Para um feminismo cristão: reflexões sobre a Carta
Apostólica “Mulieris Dignitatem”
Estudo de Jutta Burggraf, Doutora em Sagrada Teologia e em Pedagogia, publicado em “Romana”, nº 7 (1988).
14/08/2020
5. Maternidade física e maternidade espiritual
A unidade e a igualdade do homem e da mulher não anulam, no
entanto, a diversidade. Tendo insistido até aqui na radical paridade dos dois
sexos, o Santo Padre busca, na segunda parte da Carta Apostólica, as dimensões
específicas. A especificidade não está, sem dúvida, na qualidade ou nos dotes
humanos que caracterizam a um ou a outro. Com efeito, segundo dados
estatísticos, a maior ou menor frequência com que os diversos talentos aparecem
nos homens ou nas mulheres não nos diz nada acerca das pessoas concretas.
Nenhum indivíduo é determinado somente pelo sexo: além de ser homem ou mulher,
possui disposições e aptidões próprias que lhe conferem individualmente
condições para a atividade artística, técnica, científica, social, etc.

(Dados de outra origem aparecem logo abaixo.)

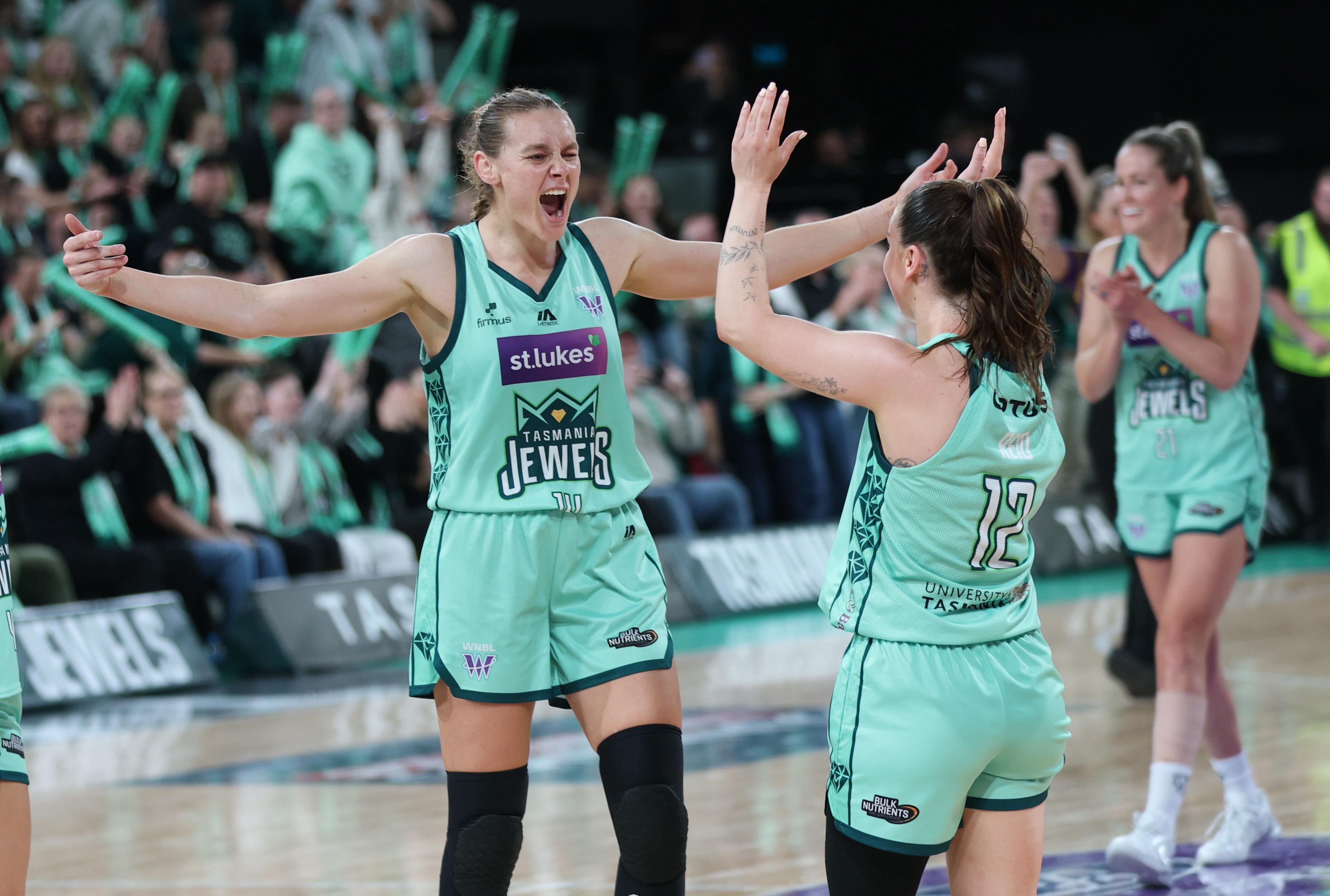 Tasmania's Jewels enter WNBL with debut win over Geelong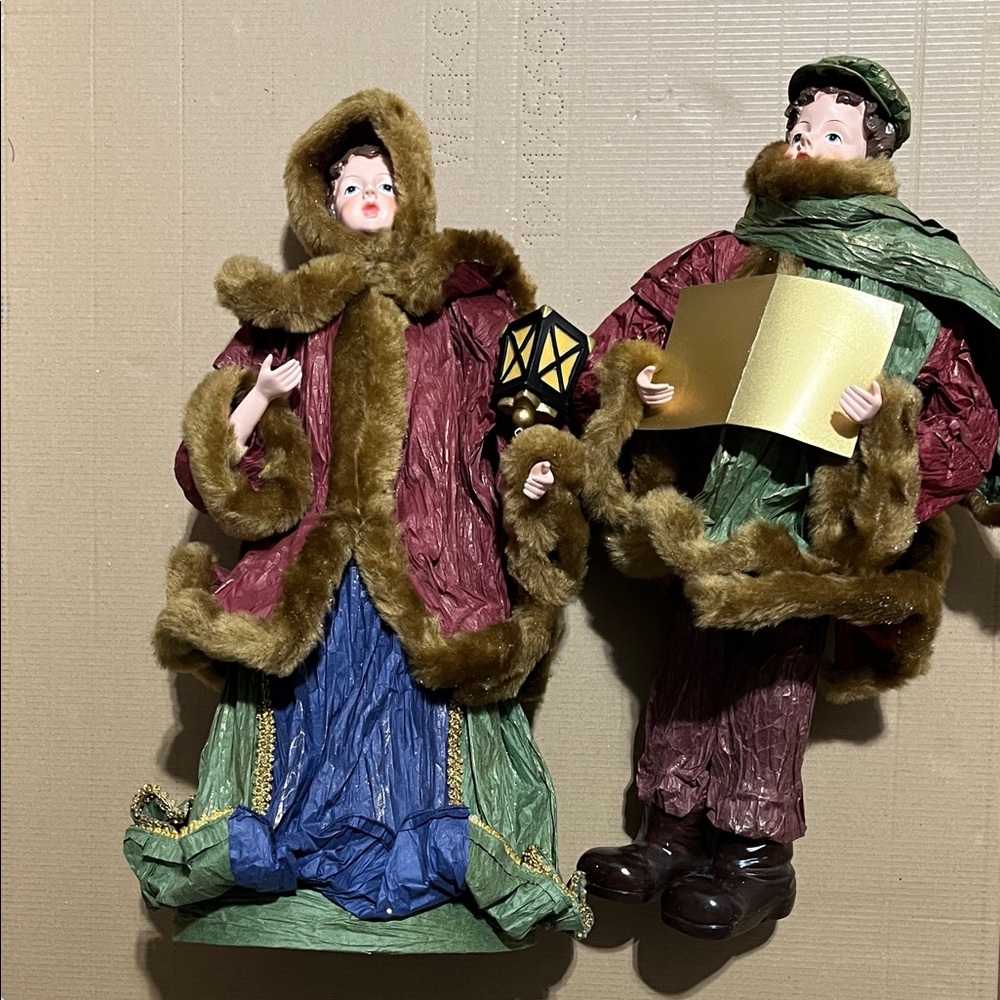 Vintage Style Caroler Figurines with Fur Trim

A especificidade é, pois, bem mais radical e consiste na
maternidade ou na paternidade (cfr. MD, 17). O Papa fala longamente sobre a
maternidade como dimensão da vocação da mulher (cfr. MD, 18), que implica desde
o início uma especial abertura à concepção ou ao nascimento. Dessa forma, a
mulher se realiza admiravelmente mediante um “dom sincero de si” (MD, 18).
O homem, mesmo sendo pai, encontra-se necessariamente fora
do processo da gestação e do nascimento. A sua contribuição para a paternidade
comum é, inicialmente menos comprometida com relação à da mulher: daí as
obrigações especiais que surgem para ele com relação à sua mulher. João Paulo
II afirma que o marido é devedor de sua esposa e recorda que
“nenhum programa de igualdade de direitos das mulheres e dos
homens é válido se isto não é tido em conta de modo essencial” (MD, 18). A
sensibilidade de cada um deverá prever como tais deveres serão efetivados, mas
não parece fora de lugar prever uma colaboração do homem nas tarefas
domésticas, como por outro lado a mulher colabora no sustento econômico da
família.
A maternidade não é apenas um processo fisiológico. É
sobretudo um acontecimento que envolve o ser da mulher em sua mais íntima raiz
e corresponde à inteira estrutura psicofísica da feminilidade. O documento
pontifício conclui por isso que o “modo único de contato com o novo homem que
está se formando, cria, por sua vez uma atitude para com o homem – não só para
com o próprio filho, mas para com o homem em geral – tal que caracteriza
profundamente toda a personalidade da mulher” (MD, 18). A antropologia filosófica[14] e
as ciências experimentais recentes confirmam, por exemplo, que a mulher oferece
uma contribuição mais concretamente humana às relações interpessoais: ela
possui uma capacidade toda sua de descobrir o indivíduo na massa e de
promovê-lo como tal. “Deus – afirma João Paulo II – lhe confia de uma maneira
especial o homem, o ser humano” (MD, 30). Subtrair o indivíduo do anonimato da
sociedade massificada, salvá-lo da fria tirania das tecnologias, protegê-lo em
um contexto de relações pessoais, tudo isto é missão e conquista da mulher[15].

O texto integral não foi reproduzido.